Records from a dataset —

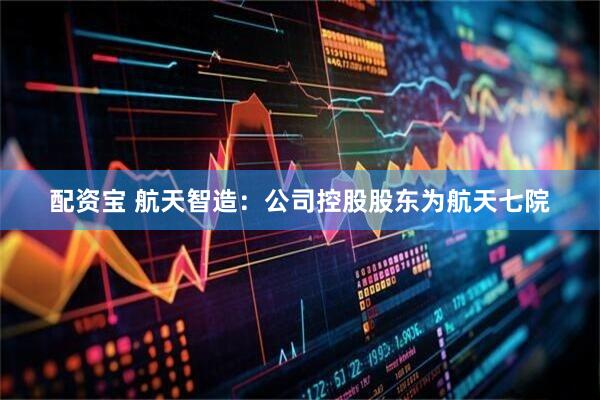 配资宝 航天智造：公司控股股东为航天七院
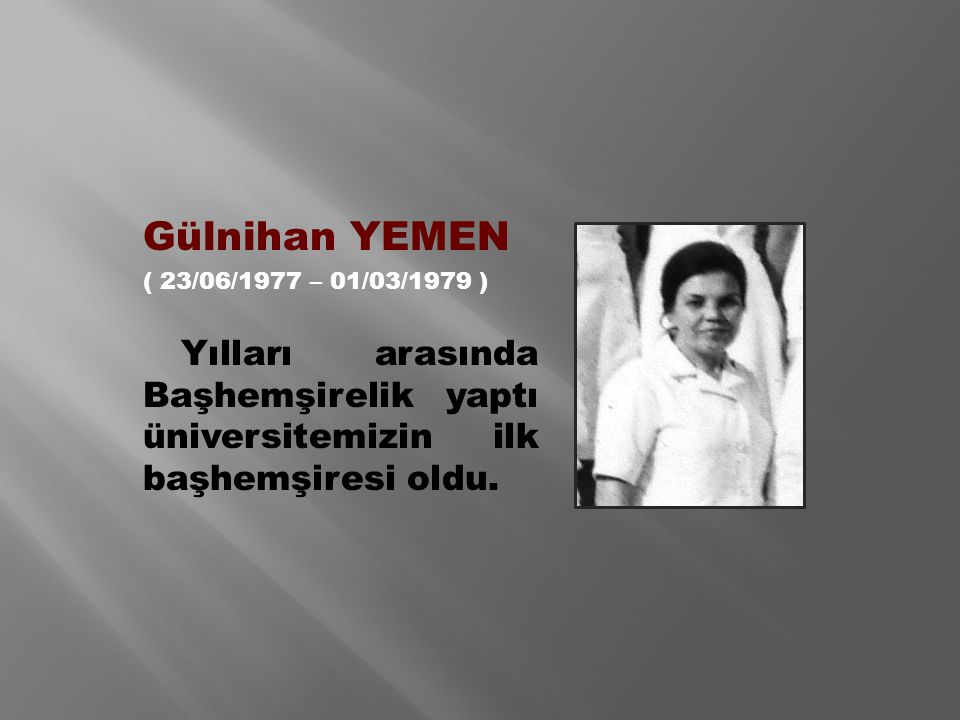 Gülnihan YEMEN ( 23/06/1977 – 01/03/1979 ) Yılları arasında Başhemşirelik yaptı üniversitemizin ilk başhemşiresi oldu.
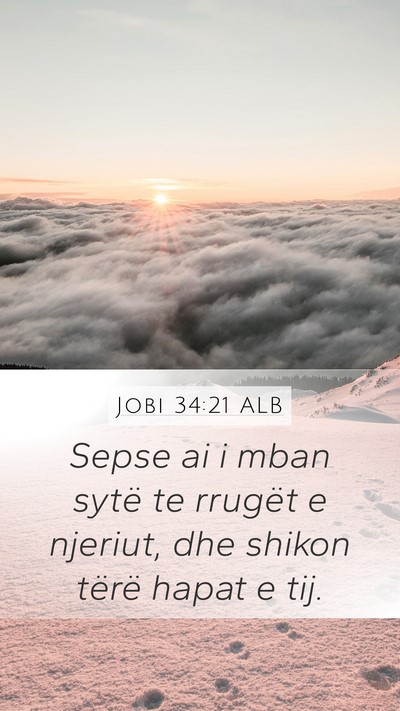Jobi 34:21 ALB Bible Verse Image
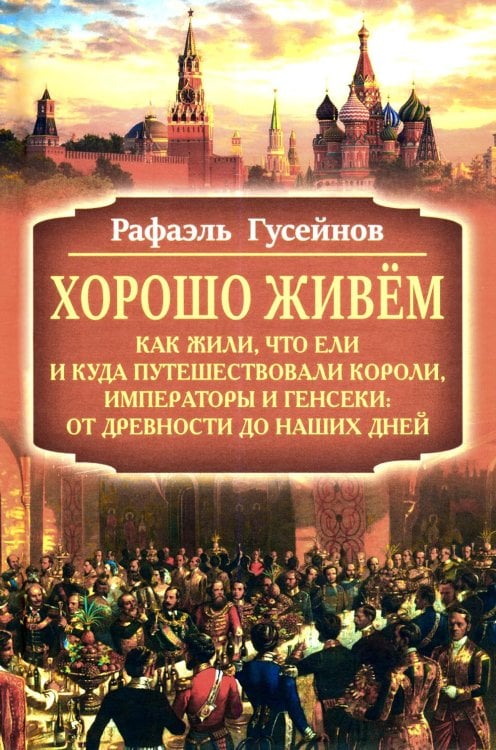 Хорошо живем. Как жили, что ели и куда путешествовали короли, императоры и генсеки: от древности до наших дней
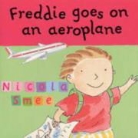 Nicola Smee - Freddie Goes on an Aeroplane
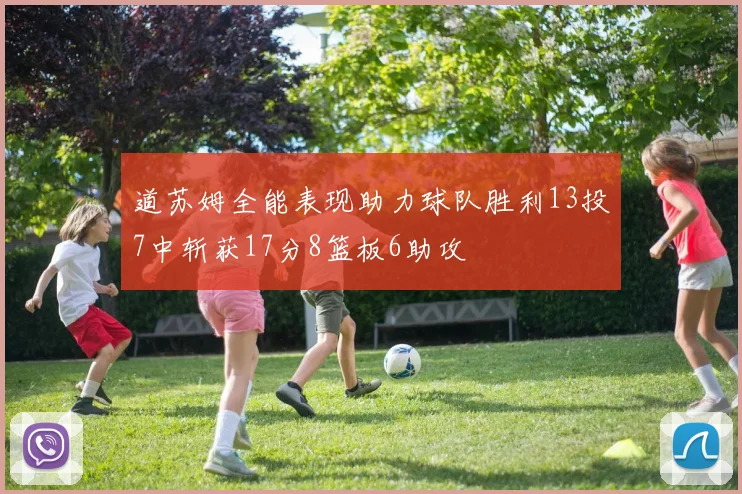 道苏姆全能表现助力球队胜利13投7中斩获17分8篮板6助攻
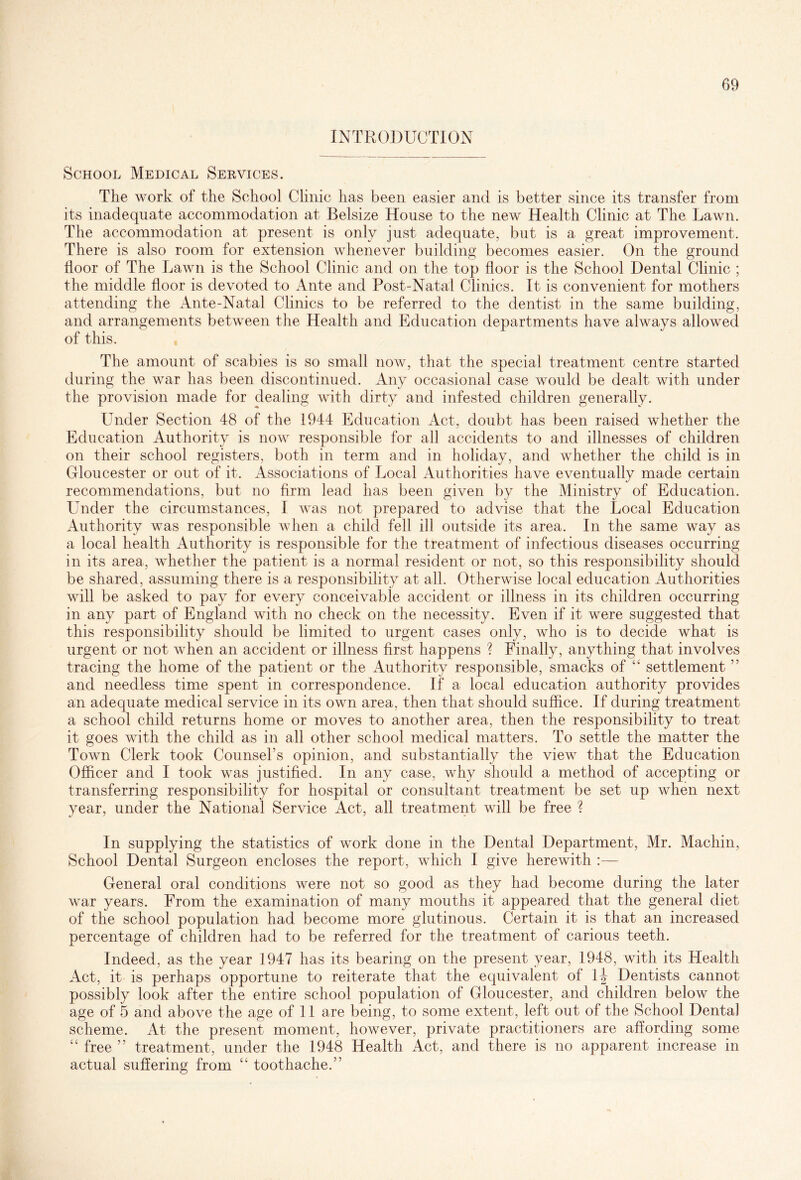 INTRODUCTION School Medical Services. The work of the School Clinic has been easier and is better since its transfer from its inadequate accommodation at Belsize House to the new Health Clinic at The Lawn. The accommodation at present is only just adequate, but is a great improvement. There is also room for extension whenever building becomes easier. On the ground door of The Lawn is the School Clinic and on the top floor is the School Dental Clinic ; the middle floor is devoted to Ante and Post-Natal Clinics. It is convenient for mothers attending the Ante-Natal Clinics to be referred to the dentist in the same building, and arrangements between the Health and Education departments have always allowed of this. The amount of scabies is so small now, that the special treatment centre started during the war has been discontinued. Any occasional case would be dealt with under the provision made for dealing with dirty and infested children generally. Under Section 48 of the 1944 Education Act, doubt has been raised whether the Education Authority is now responsible for all accidents to and illnesses of children on their school registers, both in term and in holiday, and whether the child is in Gloucester or out of it. Associations of Local Authorities have eventually made certain recommendations, but no firm lead has been given by the Ministry of Education. Under the circumstances, I was not prepared to advise that the Local Education Authority was responsible when a child fell ill outside its area. In the same way as a local health Authority is responsible for the treatment of infectious diseases occurring in its area, whether the patient is a normal resident or not, so this responsibility should be shared, assuming there is a responsibility at all. Otherwise local education Authorities will be asked to pay for every conceivable accident or illness in its children occurring in any part of England with no check on the necessity. Even if it were suggested that this responsibility shoxdd be limited to urgent cases only, who is to decide what is urgent or not when an accident or illness first happens ? Finally, anything that involves tracing the home of the patient or the Authority responsible, smacks of “ settlement ” and needless time spent in correspondence. If a local education authority provides an adequate medical service in its own area, then that should suffice. If during treatment a school child returns home or moves to another area, then the responsibility to treat it goes with the child as in all other school medical matters. To settle the matter the Town Clerk took Counsel's opinion, and substantially the view that the Education Officer and I took was justified. In any case, why should a method of accepting or transferring responsibility for hospital or consultant treatment be set up when next year, under the National Service Act, all treatment will be free ? In supplying the statistics of work done in the Dental Department, Mr. Machin, School Dental Surgeon encloses the report, which I give herewith :— General oral conditions were not so good as they had become during the later war years. From the examination of many mouths it appeared that the general diet of the school population had become more glutinous. Certain it is that an increased percentage of children had to be referred for the treatment of carious teeth. Indeed, as the year 1947 has its bearing on the present year, 1948, with its Health Act, it is perhaps opportune to reiterate that the equivalent of \\ Dentists cannot possibly look after the entire school population of Gloucester, and children below the age of 5 and above the age of 11 are being, to some extent, left out of the School Dental scheme. At the present moment, however, private practitioners are affording some “ free ” treatment, under the 1948 Health Act, and there is no apparent increase in actual suffering from toothache.”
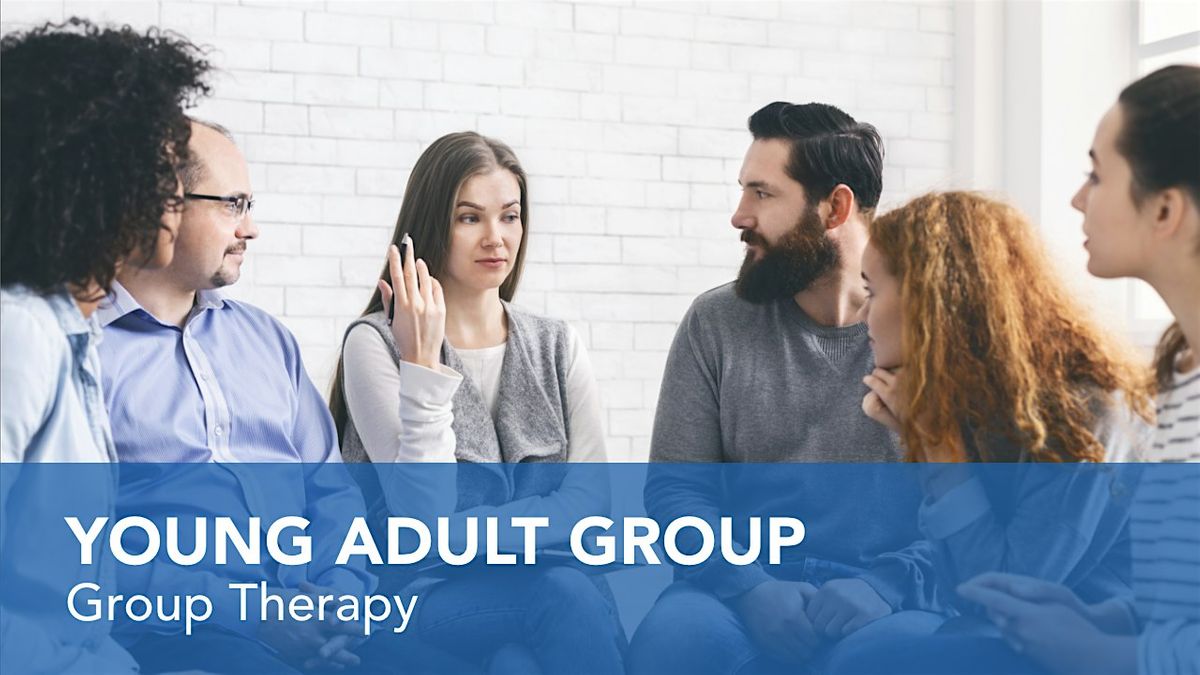 Young Adult Group (In-Person Group Therapy)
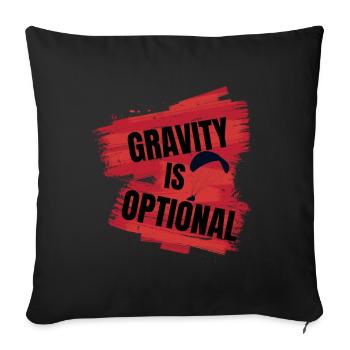 Gravity Is Optional – Paragliding Design - Sofa pillowcase 17,3'' x 17,3'' (45 x 45 cm) - black - Front
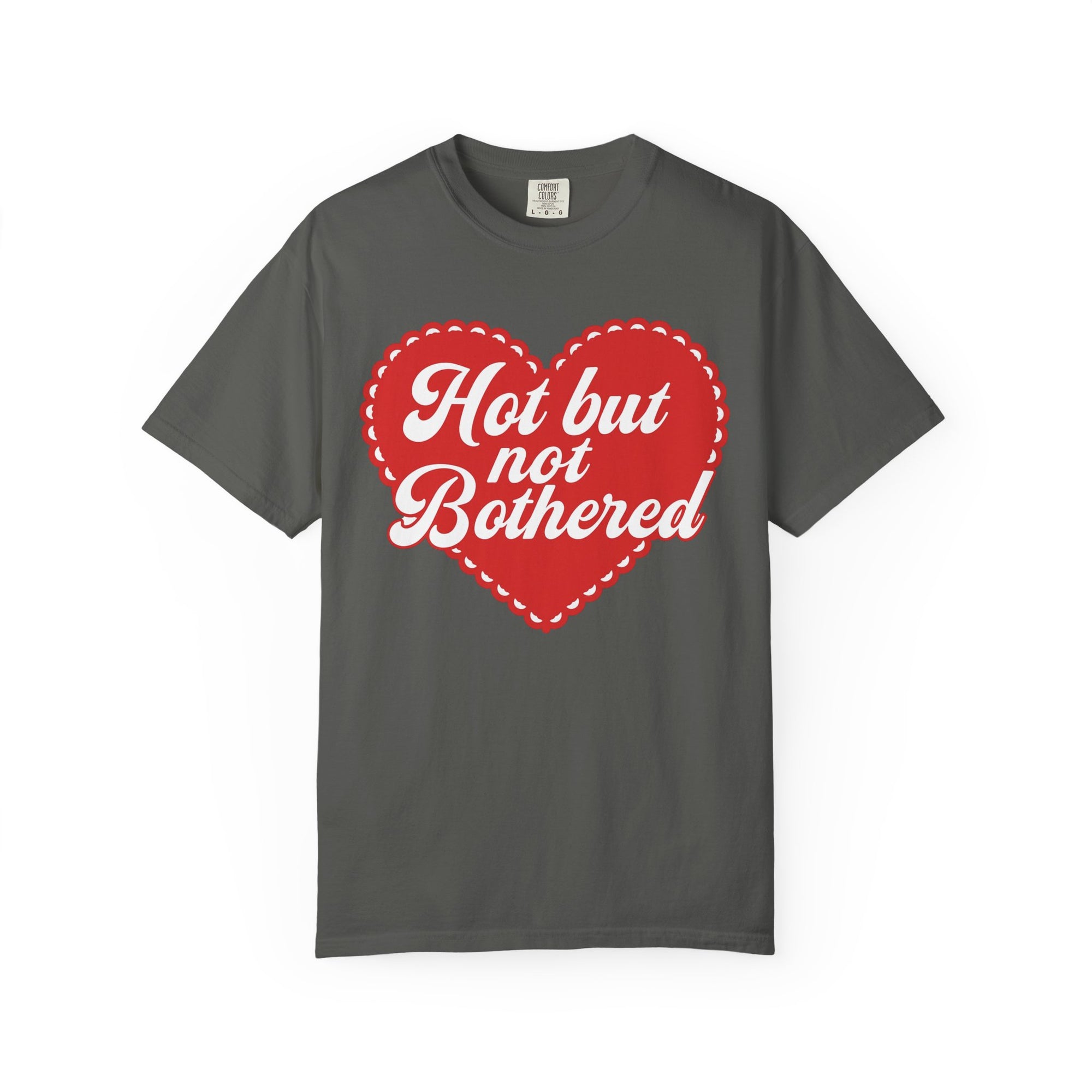 Hot but not bothered tee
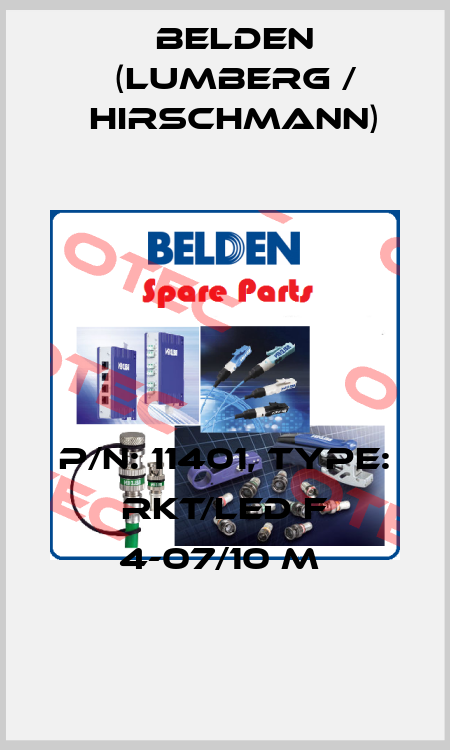 P/N: 11401, Type: RKT/LED F 4-07/10 M  Belden (Lumberg / Hirschmann)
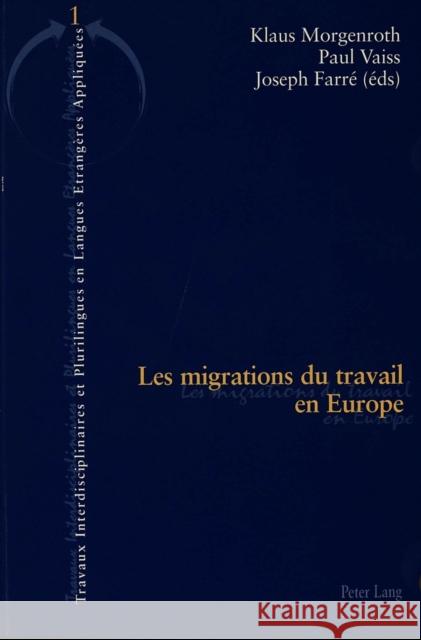 Les Migrations Du Travail En Europe Morgenroth, Klaus 9783906769370 Peter Lang Gmbh, Internationaler Verlag Der W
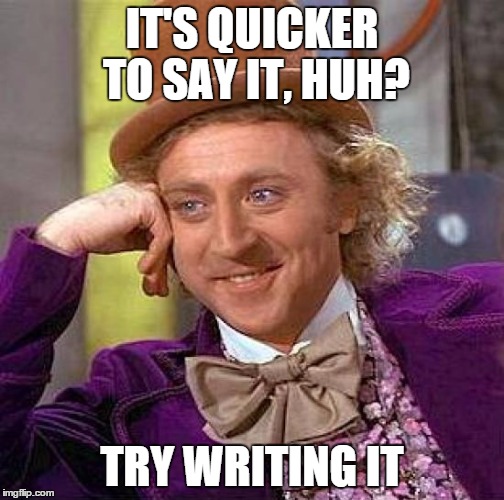 Creepy Condescending Wonka Meme | IT'S QUICKER TO SAY IT, HUH? TRY WRITING IT | image tagged in memes,creepy condescending wonka | made w/ Imgflip meme maker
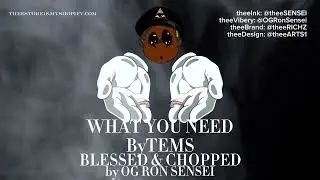 What You Need - Tems | BLESSED & CHOPPED BY OG RON SENSEI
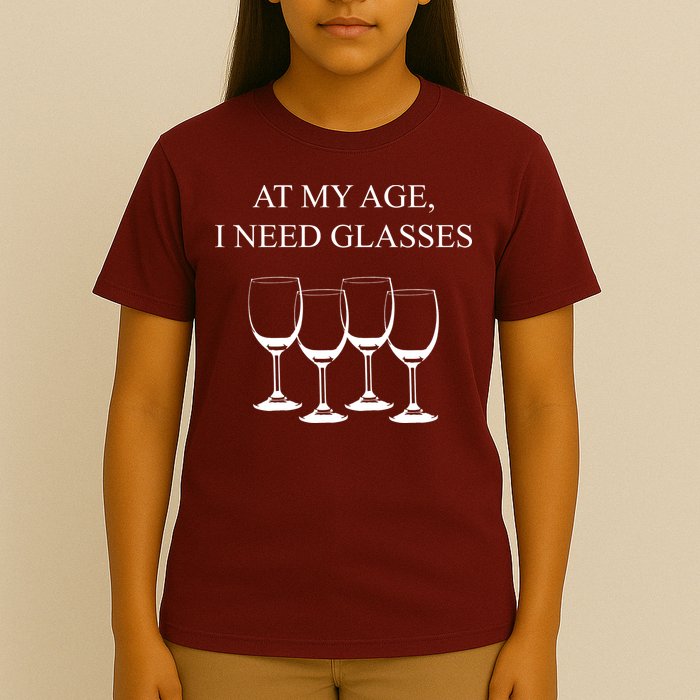 At My Age I Need Glasses Funny Wine T-Shirt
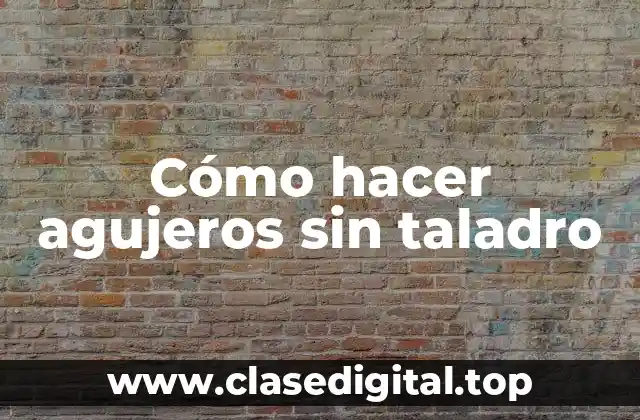 Cómo hacer agujeros sin taladro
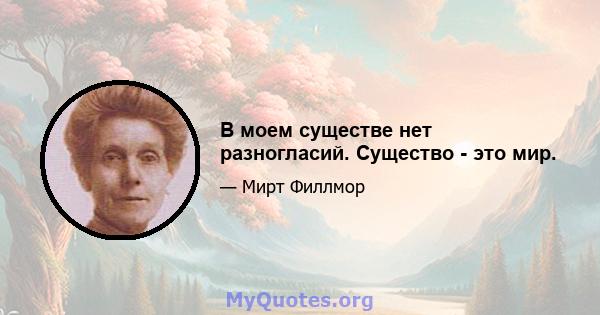 В моем существе нет разногласий. Существо - это мир.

EXERCISE GOAL — The copy should match each line above exactly and contain no images.

THE COMPLETED TASK —
 配资宝 航天智造：公司控股股东为航天七院
 Gülnihan YEMEN ( 23/06/1977 – 01/03/1979 ) Yılları arasında Başhemşirelik yaptı üniversitemizin ilk başhemşiresi oldu.
Jobi 34:21 ALB Bible Verse Image
 Хорошо живем. Как жили, что ели и куда путешествовали короли, императоры и генсеки: от древности до наших дней
 Nicola Smee - Freddie Goes on an Aeroplane
 道苏姆全能表现助力球队胜利13投7中斩获17分8篮板6助攻
 INTRODUCTION School Medical Services. The work of the School Clinic has been easier and is better since its transfer from its inadequate accommodation at Belsize House to the new Health Clinic at The Lawn. The accommodation at present is only just adequate, but is a great improvement. There is also room for extension whenever building becomes easier. On the ground door of The Lawn is the School Clinic and on the top floor is the School Dental Clinic ; the middle floor is devoted to Ante and Post-Natal Clinics. It is convenient for mothers attending the Ante-Natal Clinics to be referred to the dentist in the same building, and arrangements between the Health and Education departments have always allowed of this. The amount of scabies is so small now, that the special treatment centre started during the war has been discontinued. Any occasional case would be dealt with under the provision made for dealing with dirty and infested children generally. Under Section 48 of the 1944 Education Act, doubt has been raised whether the Education Authority is now responsible for all accidents to and illnesses of children on their school registers, both in term and in holiday, and whether the child is in Gloucester or out of it. Associations of Local Authorities have eventually made certain recommendations, but no firm lead has been given by the Ministry of Education. Under the circumstances, I was not prepared to advise that the Local Education Authority was responsible when a child fell ill outside its area. In the same way as a local health Authority is responsible for the treatment of infectious diseases occurring in its area, whether the patient is a normal resident or not, so this responsibility should be shared, assuming there is a responsibility at all. Otherwise local education Authorities will be asked to pay for every conceivable accident or illness in its children occurring in any part of England with no check on the necessity. Even if it were suggested that this responsibility shoxdd be limited to urgent cases only, who is to decide what is urgent or not when an accident or illness first happens ? Finally, anything that involves tracing the home of the patient or the Authority responsible, smacks of “ settlement ” and needless time spent in correspondence. If a local education authority provides an adequate medical service in its own area, then that should suffice. If during treatment a school child returns home or moves to another area, then the responsibility to treat it goes with the child as in all other school medical matters. To settle the matter the Town Clerk took Counsel's opinion, and substantially the view that the Education Officer and I took was justified. In any case, why should a method of accepting or transferring responsibility for hospital or consultant treatment be set up when next year, under the National Service Act, all treatment will be free ? In supplying the statistics of work done in the Dental Department, Mr. Machin, School Dental Surgeon encloses the report, which I give herewith :— General oral conditions were not so good as they had become during the later war years. From the examination of many mouths it appeared that the general diet of the school population had become more glutinous. Certain it is that an increased percentage of children had to be referred for the treatment of carious teeth. Indeed, as the year 1947 has its bearing on the present year, 1948, with its Health Act, it is perhaps opportune to reiterate that the equivalent of \\ Dentists cannot possibly look after the entire school population of Gloucester, and children below the age of 5 and above the age of 11 are being, to some extent, left out of the School Dental scheme. At the present moment, however, private practitioners are affording some “ free ” treatment, under the 1948 Health Act, and there is no apparent increase in actual suffering from toothache.”
 Young Adult Group (In-Person Group Therapy)
 Gravity Is Optional – Paragliding Design - Sofa pillowcase 17,3'' x 17,3'' (45 x 45 cm) - black - Front
 Hot but not bothered tee
 P/N: 11401, Type: RKT/LED F 4-07/10 M  Belden (Lumberg / Hirschmann)
 Les Migrations Du Travail En Europe Morgenroth, Klaus 9783906769370 Peter Lang Gmbh, Internationaler Verlag Der W
 Creepy Condescending Wonka Meme | IT'S QUICKER TO SAY IT, HUH? TRY WRITING IT | image tagged in memes,creepy condescending wonka | made w/ Imgflip meme maker
 What You Need - Tems | BLESSED & CHOPPED BY OG RON SENSEI
 At My Age I Need Glasses Funny Wine T-Shirt
 Cómo hacer agujeros sin taladro
 В моем существе нет разногласий. Существо - это мир.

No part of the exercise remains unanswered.